Y  parece ser que la judicatura está un tanto desfasada. Que el país, más o menos a remolque, ha ido cambiando. Me repito, la Constitución gracias al conservadurismo español, camuflado por efectistas al modo de algunos padres de la criatura, el Sr. Fraga a la cabeza, se ha quedado mirando el melón, con falanges amortizadas por el propio general Franco, pero con nuevas generaciones cuyo respeto por los mayores les llevó a magnificar los malos usos del Régimen, corregidos y aumentados, con su corolario la esclerosis de la mano diestra para la reforma. Ahora de la diestra, de la siniestra y de buena parte de la emergente. Y con tanta parálisis, con tanta vagancia en el quehacer legislativo, queda una Constitución que apenas a movido dos comas de su copia cero. Es decir, que “si los tiempos adelantan que es una barbaridad”, nuestra Carta queda anclada en 1978 y, por tanto, en retroceso. Madre mía, con lo que está cayendo.
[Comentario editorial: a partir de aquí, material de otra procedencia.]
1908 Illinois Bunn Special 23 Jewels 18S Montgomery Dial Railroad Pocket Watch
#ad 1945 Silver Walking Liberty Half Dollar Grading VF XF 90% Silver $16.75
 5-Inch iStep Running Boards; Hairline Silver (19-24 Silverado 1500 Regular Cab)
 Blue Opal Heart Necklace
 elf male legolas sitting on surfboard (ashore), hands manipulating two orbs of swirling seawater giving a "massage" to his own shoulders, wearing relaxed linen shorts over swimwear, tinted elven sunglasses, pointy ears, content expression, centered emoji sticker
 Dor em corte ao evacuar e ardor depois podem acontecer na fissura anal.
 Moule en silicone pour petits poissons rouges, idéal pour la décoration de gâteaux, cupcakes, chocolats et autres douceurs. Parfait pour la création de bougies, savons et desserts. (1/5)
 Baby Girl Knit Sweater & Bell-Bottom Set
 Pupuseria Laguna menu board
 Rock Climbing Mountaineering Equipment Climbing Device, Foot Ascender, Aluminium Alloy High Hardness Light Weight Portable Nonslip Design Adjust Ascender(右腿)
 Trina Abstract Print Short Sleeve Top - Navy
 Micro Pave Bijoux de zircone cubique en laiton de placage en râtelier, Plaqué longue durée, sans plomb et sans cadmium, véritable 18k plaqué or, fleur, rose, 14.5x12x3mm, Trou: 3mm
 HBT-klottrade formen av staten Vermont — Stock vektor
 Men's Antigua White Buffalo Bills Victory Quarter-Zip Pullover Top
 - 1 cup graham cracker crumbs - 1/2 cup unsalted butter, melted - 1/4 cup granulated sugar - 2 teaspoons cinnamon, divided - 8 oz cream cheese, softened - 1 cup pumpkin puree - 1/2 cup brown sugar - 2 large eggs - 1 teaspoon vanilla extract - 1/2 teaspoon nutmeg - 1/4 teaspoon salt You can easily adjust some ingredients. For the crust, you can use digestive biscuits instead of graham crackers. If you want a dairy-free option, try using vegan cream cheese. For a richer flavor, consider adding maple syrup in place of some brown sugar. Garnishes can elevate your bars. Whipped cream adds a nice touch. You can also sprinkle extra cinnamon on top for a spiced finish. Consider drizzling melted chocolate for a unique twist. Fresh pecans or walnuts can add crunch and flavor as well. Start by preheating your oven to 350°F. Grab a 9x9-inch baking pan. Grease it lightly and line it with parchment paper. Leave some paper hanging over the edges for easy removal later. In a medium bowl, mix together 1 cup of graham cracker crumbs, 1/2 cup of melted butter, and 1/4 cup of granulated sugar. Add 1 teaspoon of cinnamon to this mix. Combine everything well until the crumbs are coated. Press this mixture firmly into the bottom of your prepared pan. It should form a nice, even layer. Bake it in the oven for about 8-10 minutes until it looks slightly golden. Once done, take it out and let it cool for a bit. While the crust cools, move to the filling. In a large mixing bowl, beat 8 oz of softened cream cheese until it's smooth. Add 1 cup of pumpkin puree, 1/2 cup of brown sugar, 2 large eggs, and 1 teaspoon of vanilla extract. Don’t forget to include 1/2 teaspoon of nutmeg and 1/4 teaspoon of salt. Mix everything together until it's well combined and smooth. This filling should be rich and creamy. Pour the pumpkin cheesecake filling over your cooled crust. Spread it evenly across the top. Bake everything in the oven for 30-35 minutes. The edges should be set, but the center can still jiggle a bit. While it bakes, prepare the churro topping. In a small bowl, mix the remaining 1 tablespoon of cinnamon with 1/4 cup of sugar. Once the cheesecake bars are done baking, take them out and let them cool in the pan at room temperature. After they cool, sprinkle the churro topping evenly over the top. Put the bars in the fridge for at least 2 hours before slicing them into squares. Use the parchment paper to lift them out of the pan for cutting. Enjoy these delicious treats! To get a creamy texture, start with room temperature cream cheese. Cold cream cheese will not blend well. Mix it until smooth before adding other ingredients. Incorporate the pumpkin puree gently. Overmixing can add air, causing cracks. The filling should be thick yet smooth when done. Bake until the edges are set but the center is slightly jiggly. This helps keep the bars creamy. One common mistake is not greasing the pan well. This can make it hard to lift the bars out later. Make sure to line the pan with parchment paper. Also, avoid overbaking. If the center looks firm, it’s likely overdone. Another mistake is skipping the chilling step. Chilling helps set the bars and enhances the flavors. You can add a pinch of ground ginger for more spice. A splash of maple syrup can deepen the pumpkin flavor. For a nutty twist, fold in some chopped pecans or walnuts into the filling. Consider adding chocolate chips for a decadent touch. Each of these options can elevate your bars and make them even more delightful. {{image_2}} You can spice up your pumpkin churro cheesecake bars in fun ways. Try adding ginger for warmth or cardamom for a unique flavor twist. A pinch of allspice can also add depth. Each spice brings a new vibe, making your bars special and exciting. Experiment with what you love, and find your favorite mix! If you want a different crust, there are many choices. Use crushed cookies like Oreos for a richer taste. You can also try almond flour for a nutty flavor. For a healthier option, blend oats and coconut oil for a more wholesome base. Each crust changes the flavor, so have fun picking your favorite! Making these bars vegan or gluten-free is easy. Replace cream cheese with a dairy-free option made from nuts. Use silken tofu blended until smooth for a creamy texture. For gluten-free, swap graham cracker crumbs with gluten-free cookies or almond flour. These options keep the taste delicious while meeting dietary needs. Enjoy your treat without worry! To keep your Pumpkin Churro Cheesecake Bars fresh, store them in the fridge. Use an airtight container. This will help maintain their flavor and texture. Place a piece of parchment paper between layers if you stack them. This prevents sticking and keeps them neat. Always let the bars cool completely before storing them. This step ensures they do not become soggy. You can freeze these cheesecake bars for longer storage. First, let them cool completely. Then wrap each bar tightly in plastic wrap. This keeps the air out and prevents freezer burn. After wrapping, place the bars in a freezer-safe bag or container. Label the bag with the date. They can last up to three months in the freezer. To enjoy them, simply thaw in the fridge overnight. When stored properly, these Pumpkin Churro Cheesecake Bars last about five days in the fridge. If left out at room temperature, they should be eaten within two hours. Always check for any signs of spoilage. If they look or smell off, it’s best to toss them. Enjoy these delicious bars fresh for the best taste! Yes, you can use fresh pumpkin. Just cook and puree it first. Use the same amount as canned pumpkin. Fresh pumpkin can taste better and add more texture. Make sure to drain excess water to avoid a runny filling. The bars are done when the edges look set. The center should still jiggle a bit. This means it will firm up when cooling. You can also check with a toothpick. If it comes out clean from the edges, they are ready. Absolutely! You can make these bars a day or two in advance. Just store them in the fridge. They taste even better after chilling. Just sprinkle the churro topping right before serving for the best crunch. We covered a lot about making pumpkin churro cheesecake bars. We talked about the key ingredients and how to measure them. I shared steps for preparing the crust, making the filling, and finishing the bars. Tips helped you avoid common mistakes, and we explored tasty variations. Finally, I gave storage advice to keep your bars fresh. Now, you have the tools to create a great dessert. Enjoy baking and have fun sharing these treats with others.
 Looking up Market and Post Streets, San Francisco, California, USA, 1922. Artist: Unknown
Una Constitución nacida tras un cambio de régimen, no ha precisado adaptaciones y, lo que es peor, ha dormido en el sueño de los justos ajena a la propia sociedad, con recursos para no interrumpir su inerte placidez. Y sobre lo que tenemos, leía una cita como esta: “Somos el único país de Europa que no enseña a sus niños qué es la Constitución y cómo está organizada su administración”. Su autora doña Teresa Freixes, Catedrática de Derecho. Otros comentarios, derivados de la dichosa sentencia de los violadores sanfermineros, abundan en la necesidad de formación de los jueces, etc. Formación que obedecería a un conocimiento de la sociedad actual, en la que, como muestra, los juerguistas tienen unas características dignas de análisis pericial, y el orden social posiblemente necesite otras reglas. Otras reglas para tantas cuestiones desatendidas.
En el mismo periódico, y único vistazo, se citaba también que “El horizonte de lo posible se ha abierto tanto que nuestros cálculos acerca del futuro son especialmente inciertos” (Daniel Innerarity).
Lo lamentable del asunto es que, en estas cuestiones de peso, opina sólo el personal emérito, sacado de un pueblo soberano que, al parecer, duerme la más profunda de las siestas. Así las cosas, nadie toca el libro de Petete.